I went home home to the MD/DC area this weekend. One of my favorite things about the English language is how when we wish to emphasise real things, we repeat them. Like, back in college we’d say “home-home” to distinguish between our parents’ home and our dorms, today I often say “food-food” to distinguish between well-made food and the stuff I always end up burning.

However, this morning we speak of home and family.

I like weekends at home-home. I hang out with the baby sister (she’s 23 now) and the parents, I discuss China’s position on emissions limits for the upcoming Copenhagen conference with my dad, I then talk to my mom about Arvo Pärt and classical music. Later, I get distracted and head to the basement to spend 45 minutes reading from Neruda’s “Twenty Love Poems and a Song of Despair.” And while I was flipping through that book yesterday, I came across a note my dad had written my mom on the backside of the cover.

He had gotten her that book as a gift and he wrote, in Spanish, something to the effect of “Because I can’t stop thinking about you.” I watch them interact and, after nearly 30 years of marriage, they still flirt and they both still try very hard to get to know each other. It’s cute and adorable and very real. In a lot of ways, my parents remind me what real love is like.

The past week has not been a good one. It’s been tough on a variety of fronts: personally, professionally, and academically. Law school, generally, can quite easily squash your spirit and self-esteem. And when those feel small and vulnerable, then the smallest breezes can push you down. This past week felt like one of squalls and I came out of it bruised, battered, and…raw. So I came home-home.

It dawns on me that, more often than not, when one is raised in a house full of love, books, ideas, music, and different languages, then it’s difficult to stay sad or to feel small. Because if we’re all connected and if the bonds are so strong…then how can anything at all really bring you down?

If all the books, movies, and music are part of me…and part of you, then we have bonds that tie us together. We’re connected.

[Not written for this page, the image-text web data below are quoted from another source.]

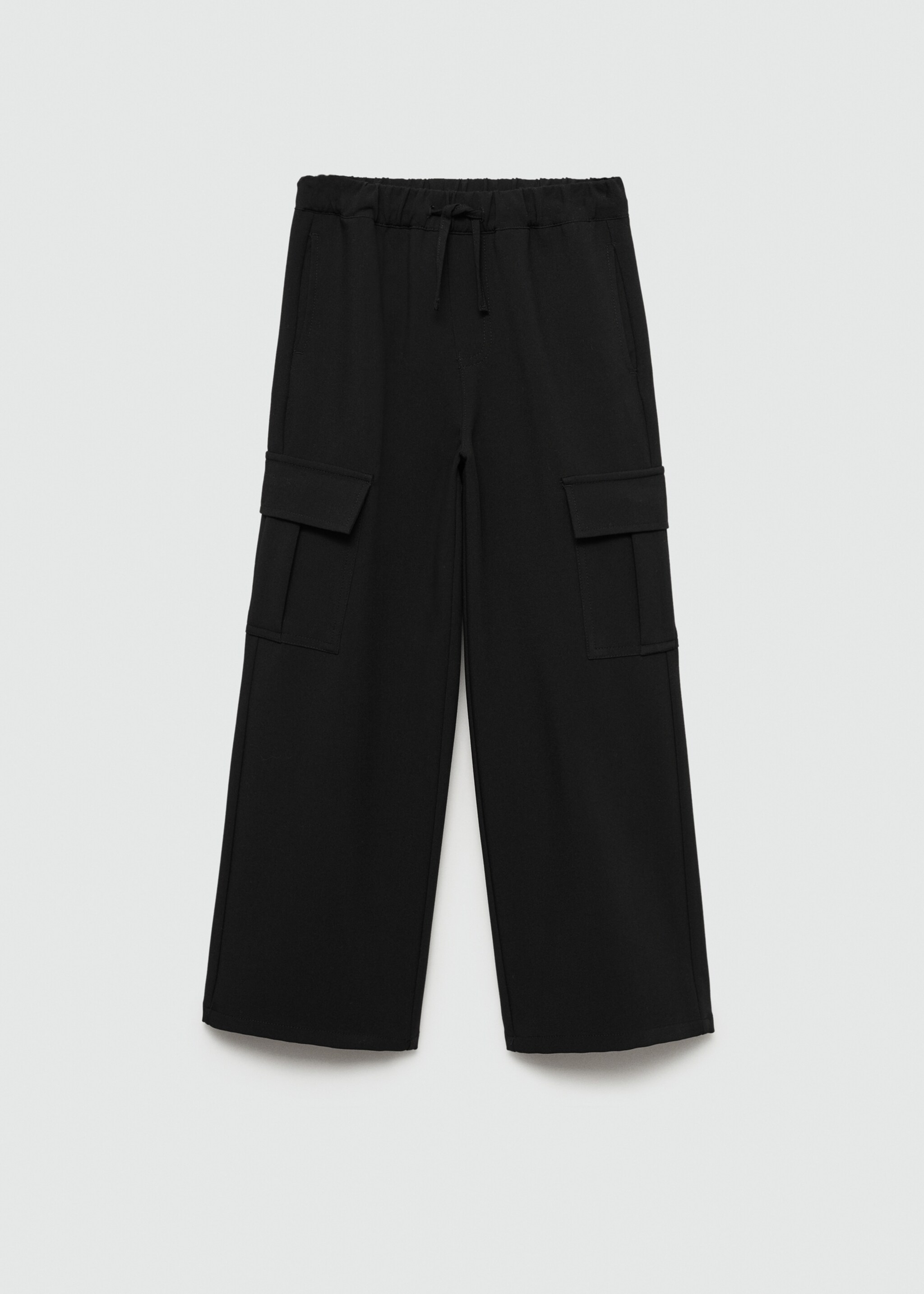 Flowy cargo trousers - Article without model, Black. Ref: 77016735-00.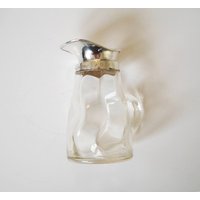 Antik Silber Glas Whisky Wasserkrug Oder Krug 1912 - 25. Hochzeitstag Geschenk Graviert A.d & H.d von ChateauWineAntiques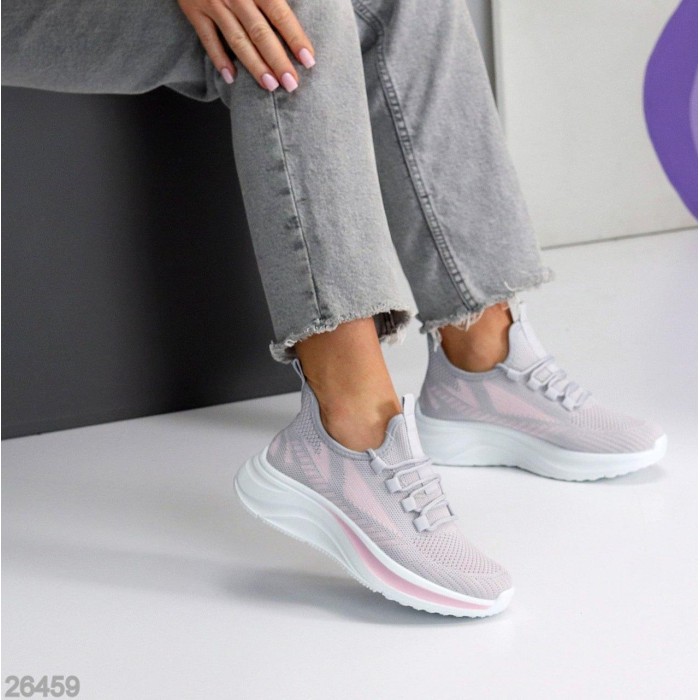 Кросівки жіночі текстиль сірі 36,37,38,39,40,41р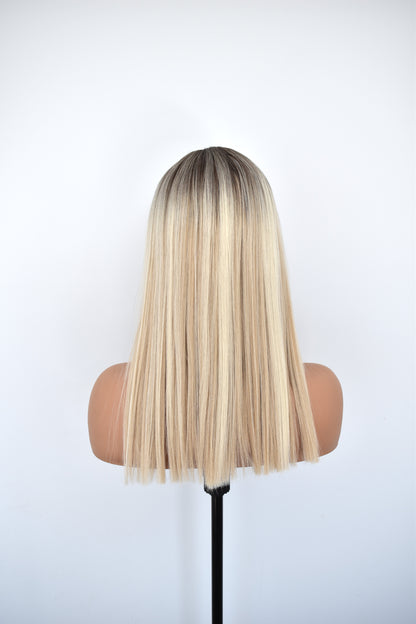 MOLLY Fringe Synthetic Blonde with Dark roots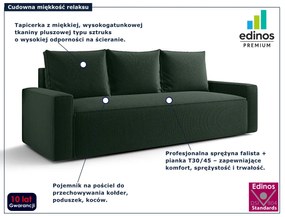 Zielone tapicerowana sofa rozkładana C9-T94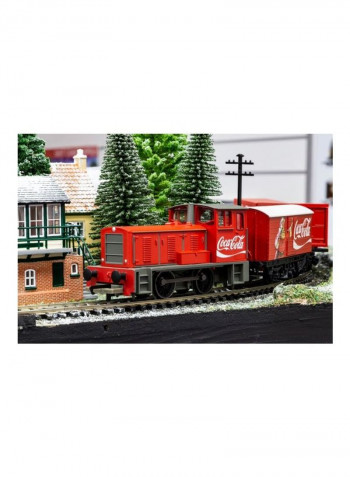 The Coca Cola Christmas Model Train Set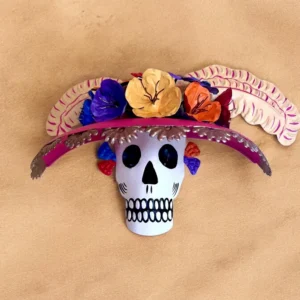 Catrina Skull Tin Wall Art Mexico Dia de Los Muertos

If we all love and appreciate true, honest, and beautiful things, then we have bonds that tie us together. We’re connected.

If we are connected, then there is history.

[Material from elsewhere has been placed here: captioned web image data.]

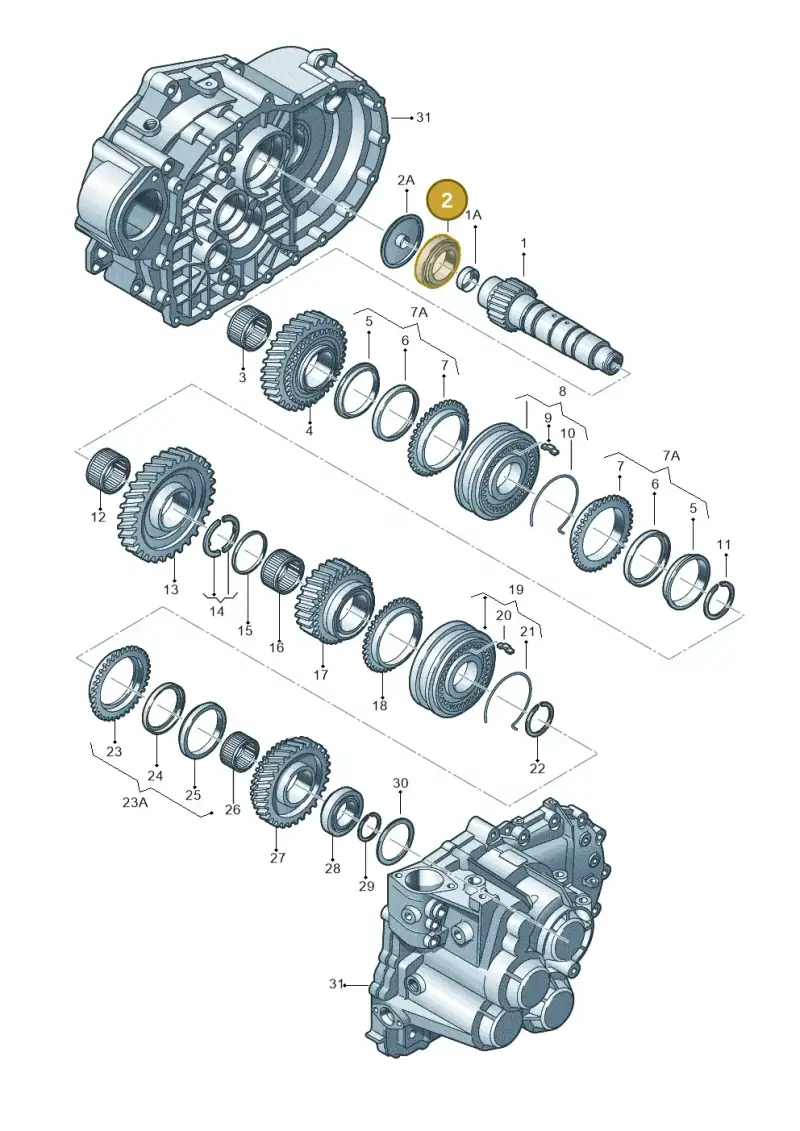 02M311220 — Skoda Yeti (2013-2017) diagram 649311430, position 2
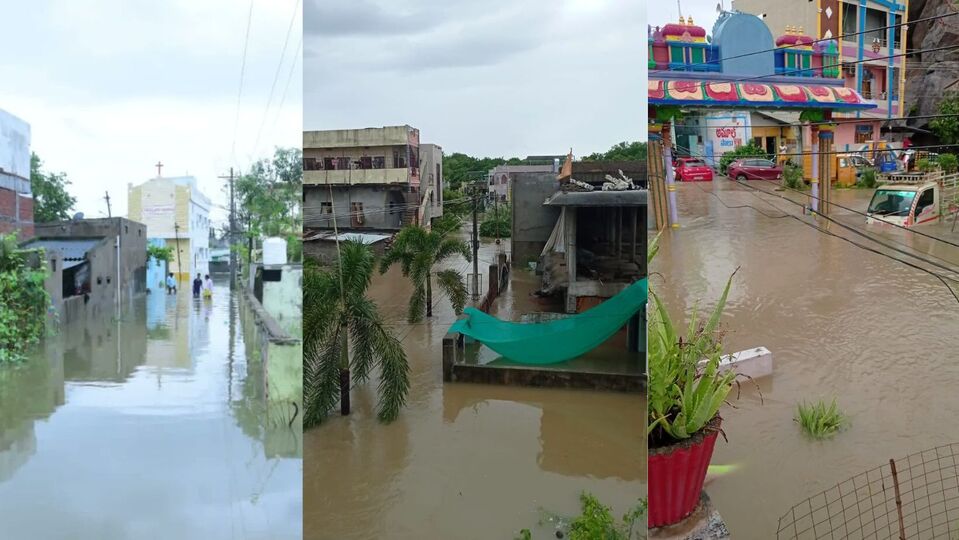Rains in Warangal : వణికిపోతున్న 'ఓరుగల్లు' - వర్షాల దాటికి అతలాకుతలం, నీట  మునిగిన కాలనీలు-heavy rains in warangal city many colonies flooded after  heavy rain ,తెలంగాణ న్యూస్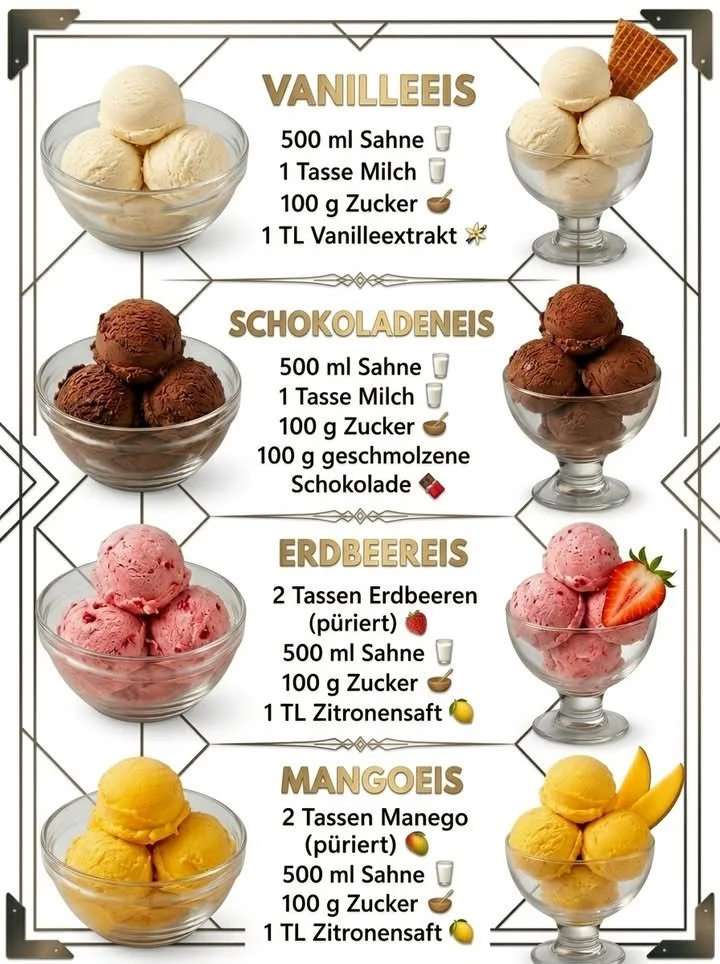 4 einfache Eiscreme-Rezepte zum Selbermachen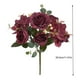 thumbnail image 3 of Ramo de Rosas Artificiales para Decoración Del Hogar | Plástico Rojo | 29,5 Cm | Hojas y Capullos Realistas | Detalles Delicados y Naturales | Materiales Ecológicos | 1 Unidad, 3 of 7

If there is history, if there is a Story of Us, then that means we are empowered to decide the ending ourselves. Note that I did not say “I” or “you”, but “we”.

And if that is the case, then it seems a little bit silly to really think that squalls should have any lasting effect on any of us at all.

You are loved. And you are not alone.

(I’m the kid that looks like he’s about to lunge and smile-attack the camera. I had accidentally set it for a 2-second timer. Also, I seem utterly incapable of looking normal in pictures.)